WORK ORDER
Repeat the listing exactly. Pictures stay out of your copy.

** SUPPLIED INFORMATION follows **

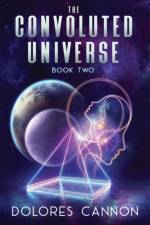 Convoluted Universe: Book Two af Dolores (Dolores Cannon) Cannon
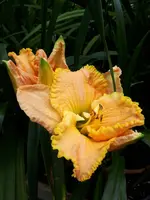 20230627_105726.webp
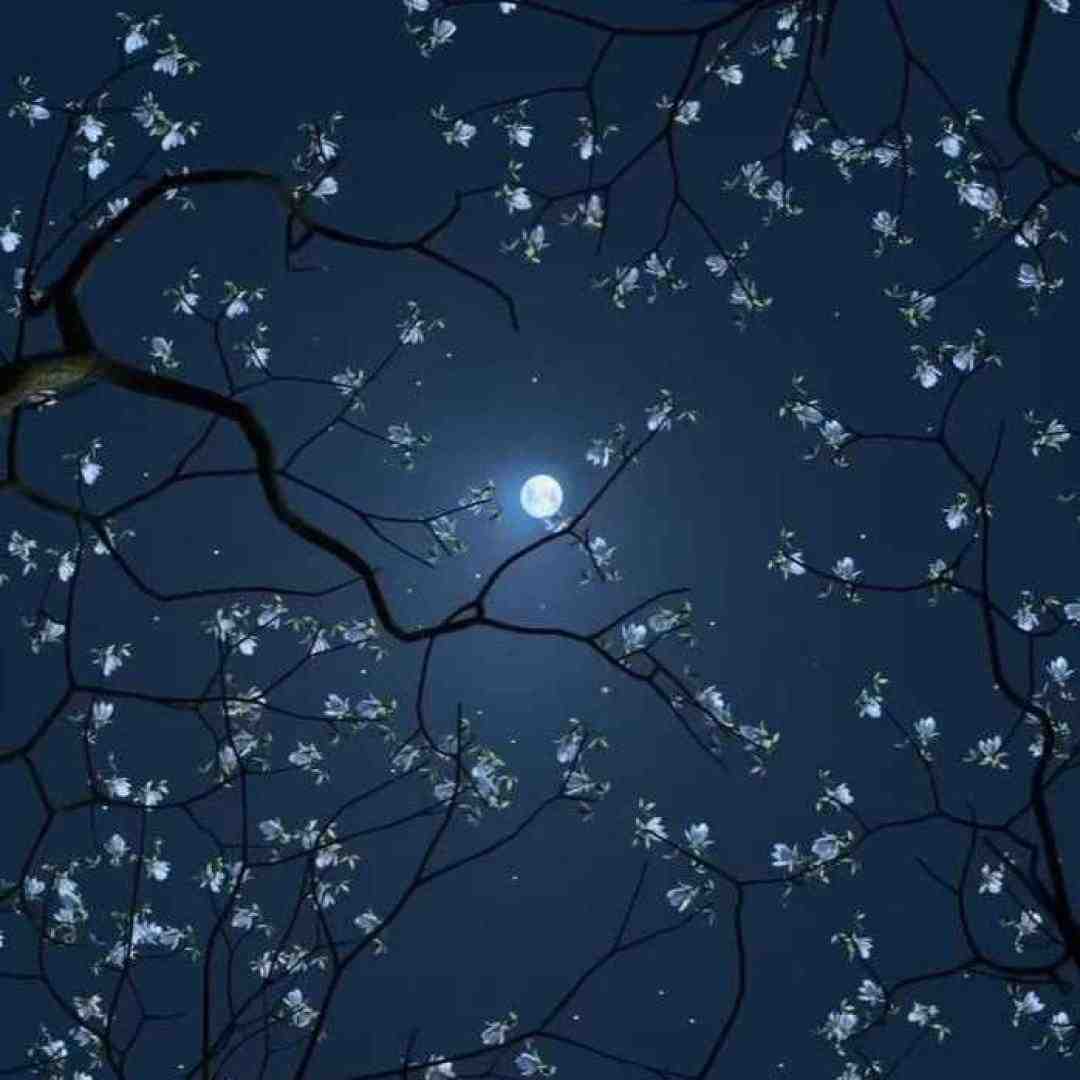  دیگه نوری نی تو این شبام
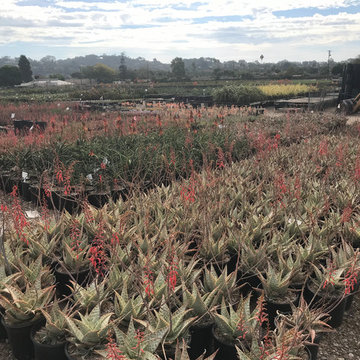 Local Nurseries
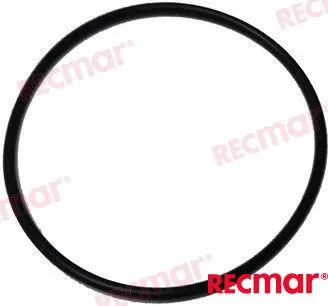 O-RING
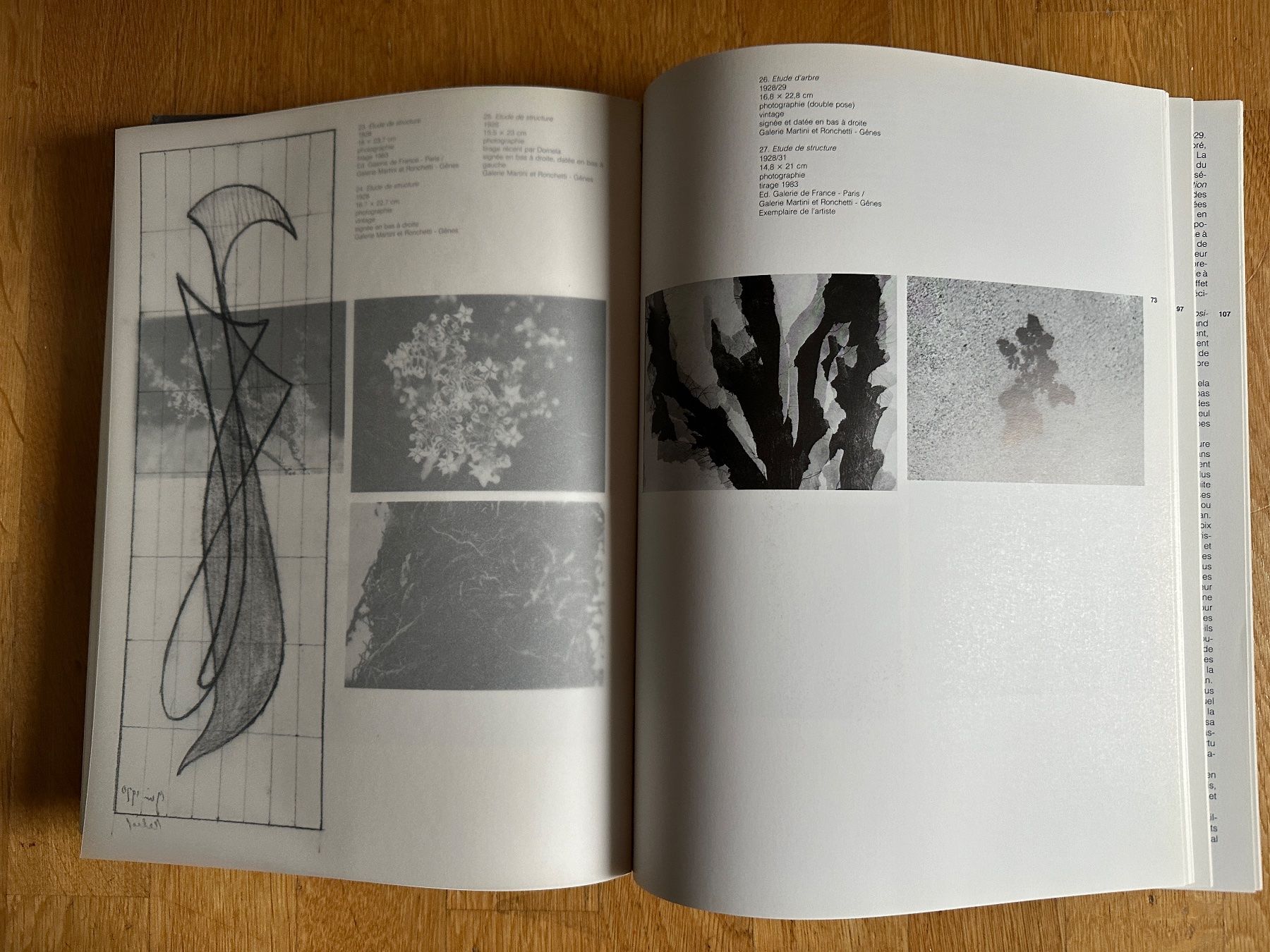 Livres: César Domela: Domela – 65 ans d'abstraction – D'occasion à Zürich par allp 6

** End of SUPPLIED INFORMATION **

RESULT FOR THIS TASK
 Convoluted Universe: Book Two af Dolores (Dolores Cannon) Cannon
 20230627_105726.webp
  دیگه نوری نی تو این شبام
 Local Nurseries
 O-RING
 Livres: César Domela: Domela – 65 ans d'abstraction – D'occasion à Zürich par allp 6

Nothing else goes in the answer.